A key part of honing his footballing skills was the close attention of the late legendary coach Choo Seng Quee.

He turned the Tanjong Katong Secondary School star player (also a school sepak takraw stalwart) into a national icon via clubs such as Burnley United, Singapore Marble and Toa Payoh United.

The hallowed pitches of Farrer Park and Jalan Besar Stadium used to be the playgrounds for the Noh-Choo partnership to blossom, before Noh broke into the national team in the mid-70s and “lent his voice” to the deafening Kallang Roar.

Often hugging the right touchline as he made his mazy runs with the ball, his accurate crosses were the main source for strikers such as Dollah Kassim, Arshad Khamis and Quah Kim Song to poach goals.

Said Quah, 69: “He was a phenomenal winger, stylish in his movements and sensational in his deliveries.

“A quiet gentleman on and off the field, he was a disciplined player who always gave of his best.

“I salute him as an exemplary personality and a perfect national teammate.”

Samsudin Rahmat, 70, who played alongside Noh with the national team and Singapore Malays, said: “He was the ideal role model for aspiring footballers.
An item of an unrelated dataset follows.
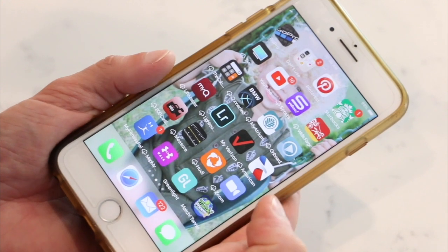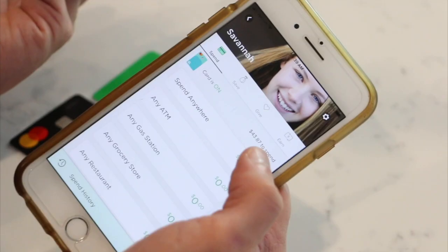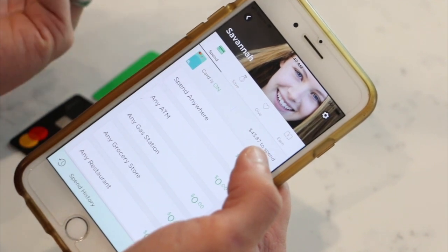It's $4.99 a month for up to five kids. Yes, it does kind of suck if you have one kid and you have to pay $4.99, but if you have five kids, it's a buck a month. So it's pretty cheap for what you get. You have an app as a parent — you can add money, look at what your kids are spending money on, and it gives you full trackability of what your kids are doing with it.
He was a coach’s delight for he never gave any problems.

“Always well-behaved and among the first for training, Noh was a fast learner and a great buddy to his teammates.”

I had met Noh multiple times during his playing days, but never since he retired from football, even missing him at a social gathering for Malaysia Cuppers because he chose to be a recluse.


He valued privacy, so he was not a reporter’s delight in a sense, for he gave away little.

At one interview outside the Jalan Besar Stadium in the late 70s, I came away with little to report because I could hardly get past “yes” and “no” responses.

In fact, once in the office of The Straits Times, whose marketing department he worked for after his career at Malaysian Airlines System, I tried to engage him in a conversation as a colleague. Still he remained reticent, but there was a certain politeness about him.

However, volumes have been written about Noh – the poster boy of Singapore football – whose grandmother was Japanese – because he had extraordinary talent that mesmerised opponents and wooed the crowds.

Dubbed “Allan Clarke”, the inside forward of Leeds United and England fame, Noh is well remembered for scoring the winning goal from the penalty spot in the first round of a World Cup qualifier against Malaysia on March 6, 1977.

That statistic gets starker, when you consider that he has recorded more assists than goals.

Quah, often the beneficiary, will vouch for that because “Noh’s telepathic floaters from the right flank have often been inch-perfect”.

That special skill does not make headlines. Goalscorers grab those, and the quiet Noh was happy to let others take the limelight.